Since I last left you, Brad and I went on a half a dozen more dates — from a fun sushi dinner to dinner at his place to a microbrewery tour and sampling. Gosh, we’ve had fun! We’re flirty and cute together — and I love how boyish-looking he is!
And all the while, I continued to wonder if this was going anywhere. Between our parenting schedules, we managed to see each other every ten days to two weeks — which was simply not enough for me to feel a growing emotional closeness. He greeted me with such affection that, even if I was feeling a little grumpy about the interval between our dates or the quality of our communication between times, any tension simply dissipated on contact.
Finally, after our evening the brewery, I said to him: “You know one of the things that I find so attractive about you is that you’re so ‘F*CK YEAH!’ about life…so if I’m anything less than a ‘F*CK YEAH!’ to you, you’ve got to cut me loose.”
Without hesitation, he exclaimed, “F*CK YES!”
And we kissed (some more). And talked about whether we were ready to be in a relationship…YES! And we talked about meeting him meeting my children and our consummating the relationship (remember my rule: intercourse only after exclusivity) and other things to come.

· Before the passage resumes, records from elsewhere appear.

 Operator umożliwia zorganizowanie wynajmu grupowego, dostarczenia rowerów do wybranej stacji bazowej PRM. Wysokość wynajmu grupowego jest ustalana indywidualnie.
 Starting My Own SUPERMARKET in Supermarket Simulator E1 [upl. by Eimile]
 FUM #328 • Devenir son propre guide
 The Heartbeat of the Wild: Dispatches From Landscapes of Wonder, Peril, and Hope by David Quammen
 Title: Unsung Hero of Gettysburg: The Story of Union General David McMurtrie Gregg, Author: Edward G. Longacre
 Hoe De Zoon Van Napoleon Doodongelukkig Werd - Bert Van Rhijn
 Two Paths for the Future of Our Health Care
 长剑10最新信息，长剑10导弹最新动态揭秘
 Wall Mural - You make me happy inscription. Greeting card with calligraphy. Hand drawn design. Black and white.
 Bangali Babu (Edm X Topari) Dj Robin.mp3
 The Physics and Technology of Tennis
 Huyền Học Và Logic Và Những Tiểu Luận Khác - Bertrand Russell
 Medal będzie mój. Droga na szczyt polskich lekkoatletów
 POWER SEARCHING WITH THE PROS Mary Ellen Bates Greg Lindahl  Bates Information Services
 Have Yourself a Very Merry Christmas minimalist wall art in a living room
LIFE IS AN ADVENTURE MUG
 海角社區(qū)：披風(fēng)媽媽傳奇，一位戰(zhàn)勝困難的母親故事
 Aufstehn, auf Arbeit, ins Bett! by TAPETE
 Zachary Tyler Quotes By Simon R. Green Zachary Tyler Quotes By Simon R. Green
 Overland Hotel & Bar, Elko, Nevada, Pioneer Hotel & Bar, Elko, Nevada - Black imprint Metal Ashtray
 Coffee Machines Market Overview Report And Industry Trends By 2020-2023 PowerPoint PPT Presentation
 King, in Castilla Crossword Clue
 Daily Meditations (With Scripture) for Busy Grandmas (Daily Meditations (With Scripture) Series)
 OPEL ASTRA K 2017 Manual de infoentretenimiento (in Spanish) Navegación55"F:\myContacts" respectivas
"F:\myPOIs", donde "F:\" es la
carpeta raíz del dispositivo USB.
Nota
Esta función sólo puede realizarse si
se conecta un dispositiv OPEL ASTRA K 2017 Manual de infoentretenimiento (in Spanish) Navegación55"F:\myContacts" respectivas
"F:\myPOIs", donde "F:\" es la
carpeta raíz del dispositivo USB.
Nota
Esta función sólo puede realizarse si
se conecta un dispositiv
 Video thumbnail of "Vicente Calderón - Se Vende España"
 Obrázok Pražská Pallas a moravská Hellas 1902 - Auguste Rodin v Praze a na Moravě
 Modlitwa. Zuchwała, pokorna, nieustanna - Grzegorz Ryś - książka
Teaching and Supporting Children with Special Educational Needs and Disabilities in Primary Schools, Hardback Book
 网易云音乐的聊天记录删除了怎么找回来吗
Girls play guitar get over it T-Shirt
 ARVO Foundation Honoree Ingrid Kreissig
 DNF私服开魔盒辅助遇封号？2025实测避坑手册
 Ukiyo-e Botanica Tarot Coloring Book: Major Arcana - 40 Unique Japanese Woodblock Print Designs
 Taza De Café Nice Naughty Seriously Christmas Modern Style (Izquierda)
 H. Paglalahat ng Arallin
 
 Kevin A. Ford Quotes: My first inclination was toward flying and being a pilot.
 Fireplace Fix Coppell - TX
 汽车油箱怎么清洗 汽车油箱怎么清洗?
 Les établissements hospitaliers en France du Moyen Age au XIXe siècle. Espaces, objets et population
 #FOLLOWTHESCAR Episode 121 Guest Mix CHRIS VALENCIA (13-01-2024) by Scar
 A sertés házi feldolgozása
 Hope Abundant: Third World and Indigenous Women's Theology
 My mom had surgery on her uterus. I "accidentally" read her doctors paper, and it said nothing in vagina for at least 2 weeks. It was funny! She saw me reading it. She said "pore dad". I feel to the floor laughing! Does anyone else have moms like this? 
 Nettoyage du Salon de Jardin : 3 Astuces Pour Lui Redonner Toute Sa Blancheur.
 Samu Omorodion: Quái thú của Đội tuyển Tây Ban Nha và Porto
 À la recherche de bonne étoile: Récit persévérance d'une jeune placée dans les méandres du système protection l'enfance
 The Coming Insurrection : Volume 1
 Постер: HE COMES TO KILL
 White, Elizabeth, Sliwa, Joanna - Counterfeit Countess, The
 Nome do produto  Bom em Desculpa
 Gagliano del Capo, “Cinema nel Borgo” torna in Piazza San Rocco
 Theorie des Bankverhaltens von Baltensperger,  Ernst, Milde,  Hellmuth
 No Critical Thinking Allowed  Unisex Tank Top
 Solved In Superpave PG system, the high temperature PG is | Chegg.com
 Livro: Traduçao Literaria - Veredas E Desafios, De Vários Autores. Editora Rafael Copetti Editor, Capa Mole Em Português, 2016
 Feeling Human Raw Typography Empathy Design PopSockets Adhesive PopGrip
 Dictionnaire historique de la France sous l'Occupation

And even if we hadn’t yet negotiated all of the details, I tossed and turned for hours that night with the giddiness of a schoolgirl so so happy that I could now call Brad my “boyfriend.”
As a few days went by, it became clear that the momentum had not, in fact, changed. Nor had our communication: while mine might be sweet and flirty, his was tactical / functional — the sort of communication you might get from a husband…or an even more disinterested party, e.g.:
“I’m in training today. How’s your morning?”